Fort Carroll (1)
Fort Carroll (1) (1848-1921) - Originally designed as a late Third System Coastal Defense fort constructed in the middle of the Patapsco River off Hawkins Point, Baltimore County, Maryland. Named 8 Oct 1850 for Charles Carroll (1737-1832), the last surviving signer of the Declaration of Independence at that time. Three Endicott Period batteries were completed in 1900. Officially abandoned in Mar 1921 and sold in 1958.
Third System (1816-1867)
Established to protect the entrance to Baltimore Harbor.
Construction began in 1848 under the supervision of Bvt. Col. Robert E. Lee of the Army Corps of Engineers. Lee continued to supervise the construction until Sep 1852 when he was called to duty as the Superintendent of the United States Military Academy at West Point.

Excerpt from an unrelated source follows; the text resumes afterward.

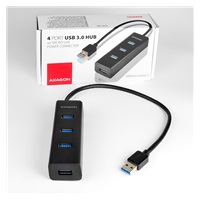 AXAGON HUE-S2B, 4x USB 3.0 CHARGING hub, micro USB nap. konektor, kábel USB-A 30cm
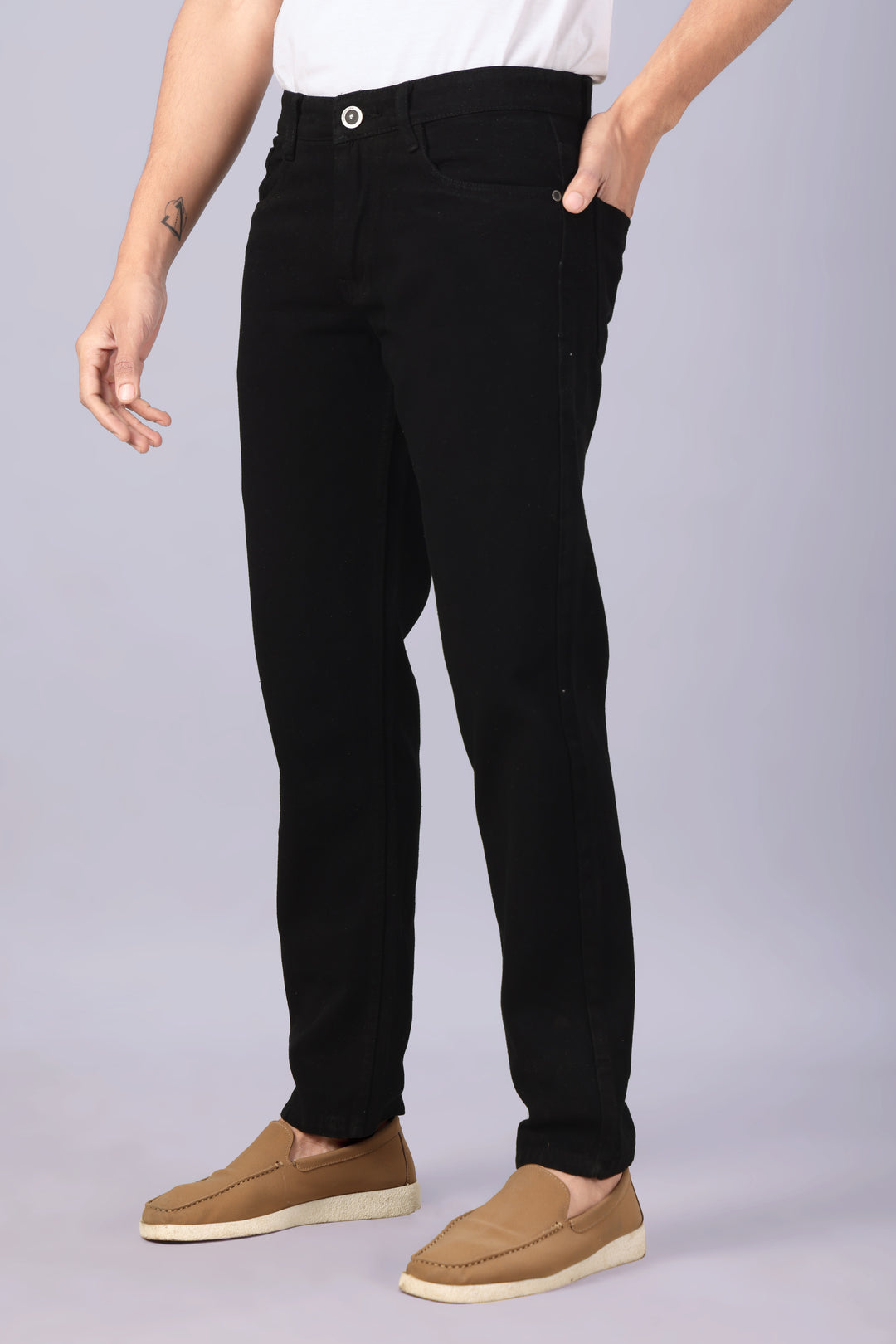 Black Relax Fit Jeans For Men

Fort Carroll was a hexagonal fort on 3.4 acres of man-made island. The unprotected masonry walls were to be 10 foot thick and 40 foot high and they reached to the water's edge on all sides. The Fort was designed to mount 225 guns in three tiers of brick casemates and a barbette tier above that but difficulties with settling caused suspension of work before the walls reached their design height. Only one tier was completed and that was not fully complete in some places.
U.S. Civil War (1861-1865)
About thirty cannon were mounted at Fort Carroll during the U.S. Civil War to protect the entrance to Baltimore Harbor. Torrential rains flooded the fort’s magazines in April 1864 and the powder and ammunition were moved to Fort McHenry.
After the U.S. Civil War Fort Carroll was in caretaker status and deteriorated significantly.
Endicott Period (1890-1910)
Part of the Harbor Defense of Baltimore.
As a result of the Spanish-American War in 1898 and the Endicott Board recommendations, three Endicott Period batteries were constructed on two of the South facing walls of the fort. Construction began in 1898 and was completed in July and August of 1900. The fort was garrisoned by detachment from Fort McHenry during this period.
World War I (1917-1918)
During World War I the guns were removed from Battery Towson and Battery Heart for service elsewhere and by 1920 the guns from Battery Augustin had also been removed. The Army officially abandoned Fort Carroll in March 1921 and removed all remaining equipment to Fort Howard (1).
The Fort was sold to Benjamin N. Eisenberg in 1958 for about ten thousand dollars. Several entities leased the property from the Eisenberg family for various purposes but none proved viable and the property is unoccupied and decaying.